Description of the task: Beneath this task are records; print exactly the stretch of them from the line with "What we have" through the line with "So that's it.", both ends included.

Source data
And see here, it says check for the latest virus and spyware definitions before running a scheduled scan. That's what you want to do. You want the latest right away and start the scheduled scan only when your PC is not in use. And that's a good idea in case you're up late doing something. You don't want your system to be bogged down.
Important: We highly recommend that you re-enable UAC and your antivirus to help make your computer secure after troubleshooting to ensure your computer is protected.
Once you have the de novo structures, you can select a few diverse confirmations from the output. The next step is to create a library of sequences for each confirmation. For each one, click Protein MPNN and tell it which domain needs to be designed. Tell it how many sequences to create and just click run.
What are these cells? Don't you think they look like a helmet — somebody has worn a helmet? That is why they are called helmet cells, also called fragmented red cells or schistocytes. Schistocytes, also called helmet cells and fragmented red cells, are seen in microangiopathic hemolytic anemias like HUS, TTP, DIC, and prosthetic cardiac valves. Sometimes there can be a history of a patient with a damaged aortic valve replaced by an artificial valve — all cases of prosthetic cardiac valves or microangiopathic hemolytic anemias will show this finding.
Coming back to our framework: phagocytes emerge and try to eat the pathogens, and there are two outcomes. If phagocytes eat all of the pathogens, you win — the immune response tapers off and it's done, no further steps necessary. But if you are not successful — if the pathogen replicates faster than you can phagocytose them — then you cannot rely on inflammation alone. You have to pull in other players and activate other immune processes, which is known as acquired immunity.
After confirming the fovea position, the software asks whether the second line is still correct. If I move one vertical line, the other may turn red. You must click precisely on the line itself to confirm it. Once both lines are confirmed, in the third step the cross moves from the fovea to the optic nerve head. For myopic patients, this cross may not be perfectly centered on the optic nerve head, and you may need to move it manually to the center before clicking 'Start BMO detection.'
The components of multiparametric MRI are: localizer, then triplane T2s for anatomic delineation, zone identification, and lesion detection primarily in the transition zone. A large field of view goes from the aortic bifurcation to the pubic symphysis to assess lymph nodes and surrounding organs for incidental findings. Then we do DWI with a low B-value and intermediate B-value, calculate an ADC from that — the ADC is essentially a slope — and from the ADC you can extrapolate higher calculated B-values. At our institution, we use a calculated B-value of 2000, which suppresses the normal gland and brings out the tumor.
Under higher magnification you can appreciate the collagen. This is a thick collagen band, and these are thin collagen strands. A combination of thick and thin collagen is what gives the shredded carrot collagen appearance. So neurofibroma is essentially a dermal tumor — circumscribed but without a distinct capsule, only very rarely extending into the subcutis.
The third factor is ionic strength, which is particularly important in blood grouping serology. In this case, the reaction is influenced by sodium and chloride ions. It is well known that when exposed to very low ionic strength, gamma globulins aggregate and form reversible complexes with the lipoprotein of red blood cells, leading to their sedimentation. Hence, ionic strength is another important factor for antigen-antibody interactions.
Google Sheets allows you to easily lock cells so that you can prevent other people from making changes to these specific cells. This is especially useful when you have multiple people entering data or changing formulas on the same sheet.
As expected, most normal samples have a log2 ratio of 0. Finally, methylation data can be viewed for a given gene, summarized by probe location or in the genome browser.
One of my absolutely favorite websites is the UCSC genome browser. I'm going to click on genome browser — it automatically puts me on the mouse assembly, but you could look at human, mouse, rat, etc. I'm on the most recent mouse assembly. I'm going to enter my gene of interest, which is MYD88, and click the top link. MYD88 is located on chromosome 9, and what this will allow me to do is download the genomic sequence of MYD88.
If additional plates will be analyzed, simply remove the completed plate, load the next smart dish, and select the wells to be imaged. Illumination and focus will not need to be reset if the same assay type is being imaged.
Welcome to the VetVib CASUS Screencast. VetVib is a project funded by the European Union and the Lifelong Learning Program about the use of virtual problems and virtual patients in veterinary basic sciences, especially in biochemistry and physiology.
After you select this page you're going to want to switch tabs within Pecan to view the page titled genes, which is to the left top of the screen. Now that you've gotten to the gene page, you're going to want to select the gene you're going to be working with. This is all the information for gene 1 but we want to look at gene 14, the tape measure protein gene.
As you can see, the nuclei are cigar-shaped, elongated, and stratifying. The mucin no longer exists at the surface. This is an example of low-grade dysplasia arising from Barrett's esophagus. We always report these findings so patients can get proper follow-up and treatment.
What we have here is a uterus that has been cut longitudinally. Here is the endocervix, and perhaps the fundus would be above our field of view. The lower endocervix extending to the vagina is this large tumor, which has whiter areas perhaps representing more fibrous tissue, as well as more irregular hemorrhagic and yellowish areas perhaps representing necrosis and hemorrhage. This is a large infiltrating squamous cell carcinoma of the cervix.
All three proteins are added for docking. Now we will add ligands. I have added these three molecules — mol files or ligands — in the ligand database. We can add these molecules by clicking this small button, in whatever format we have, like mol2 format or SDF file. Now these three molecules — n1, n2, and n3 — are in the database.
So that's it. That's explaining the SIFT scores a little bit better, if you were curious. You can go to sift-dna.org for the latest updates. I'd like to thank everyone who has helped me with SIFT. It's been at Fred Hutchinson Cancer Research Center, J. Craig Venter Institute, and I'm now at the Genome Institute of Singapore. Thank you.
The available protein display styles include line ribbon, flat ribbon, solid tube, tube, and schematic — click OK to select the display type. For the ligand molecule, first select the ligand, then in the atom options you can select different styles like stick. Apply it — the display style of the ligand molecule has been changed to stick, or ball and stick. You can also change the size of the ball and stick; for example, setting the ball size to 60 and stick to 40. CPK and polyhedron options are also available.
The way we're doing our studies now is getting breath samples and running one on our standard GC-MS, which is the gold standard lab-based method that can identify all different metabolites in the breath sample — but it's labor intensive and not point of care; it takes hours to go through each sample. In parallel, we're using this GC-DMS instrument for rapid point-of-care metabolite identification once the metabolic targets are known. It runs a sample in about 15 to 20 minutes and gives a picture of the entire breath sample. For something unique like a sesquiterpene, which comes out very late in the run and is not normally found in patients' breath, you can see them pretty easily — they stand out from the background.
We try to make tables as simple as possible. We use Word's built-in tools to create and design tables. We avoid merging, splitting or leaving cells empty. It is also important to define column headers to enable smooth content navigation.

Result for this exercise:
What we have here is a uterus that has been cut longitudinally. Here is the endocervix, and perhaps the fundus would be above our field of view. The lower endocervix extending to the vagina is this large tumor, which has whiter areas perhaps representing more fibrous tissue, as well as more irregular hemorrhagic and yellowish areas perhaps representing necrosis and hemorrhage. This is a large infiltrating squamous cell carcinoma of the cervix.
All three proteins are added for docking. Now we will add ligands. I have added these three molecules — mol files or ligands — in the ligand database. We can add these molecules by clicking this small button, in whatever format we have, like mol2 format or SDF file. Now these three molecules — n1, n2, and n3 — are in the database.
So that's it. That's explaining the SIFT scores a little bit better, if you were curious. You can go to sift-dna.org for the latest updates. I'd like to thank everyone who has helped me with SIFT. It's been at Fred Hutchinson Cancer Research Center, J. Craig Venter Institute, and I'm now at the Genome Institute of Singapore. Thank you.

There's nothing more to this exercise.